One of the most notable initiatives came from the awkwardly named Beijing Patriotic Health Committee, a semi-official organisation promoting clean living. It issued a nationwide open letter urging smokers not to light up and retailers not to sell tobacco products for one hour starting from 5.31pm. The mainland media dutifully played up the announcement and reported that more than 20 other cities had taken up the call.
The measure, however, was ridiculed in the mainland's internet chat rooms.
In a country that sees about a million tobacco-related deaths every year - a quarter of all such deaths worldwide - such a derisory effort says a lot about the mainland's overall attitude towards smoking.

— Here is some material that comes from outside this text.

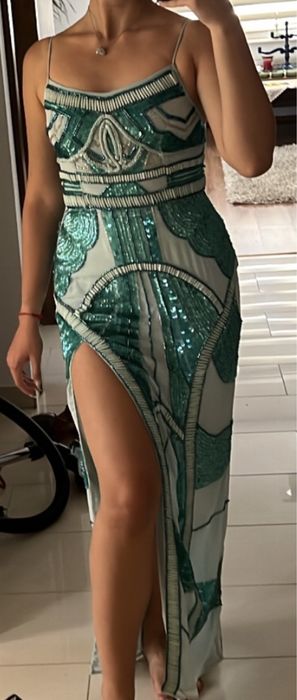 Rochie Asos Design cu margele si paiete lunga cu crapatura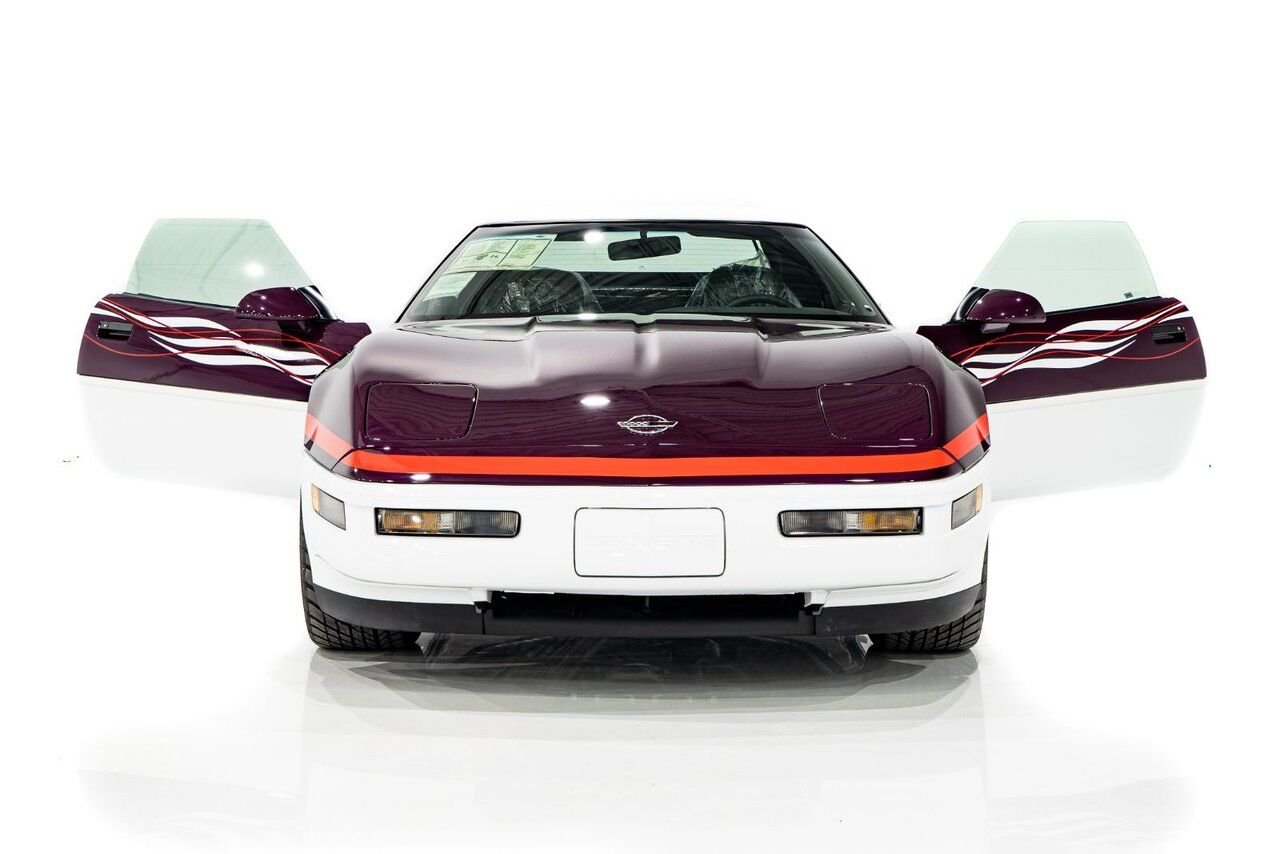Chevrolet Corvette *PRIX EN USD* RPO Z4Z PACE CAR PRESENTED IN DELIVERY PACKAGING WITH ONLY 192MILES (307KM) FROM NEW 1995 Blanc Montréal - photo #41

Some might argue that because the mainland's health and medical apparatus is devoting its efforts to containing the spread of swine flu, it does not have the time or resources to mark this year's anniversary seriously. That might be true, but the mainland has never mounted a meaningful campaign to discourage smoking.
This is despite its having signed the World Health Organisation's Framework Convention on Tobacco Control in 2003, which aims to reduce global demand for tobacco products by encouraging developing nations to adopt anti-smoking measures that are now commonplace in developed countries. The mainland ratified the convention in October 2005 and became a full member in 2006.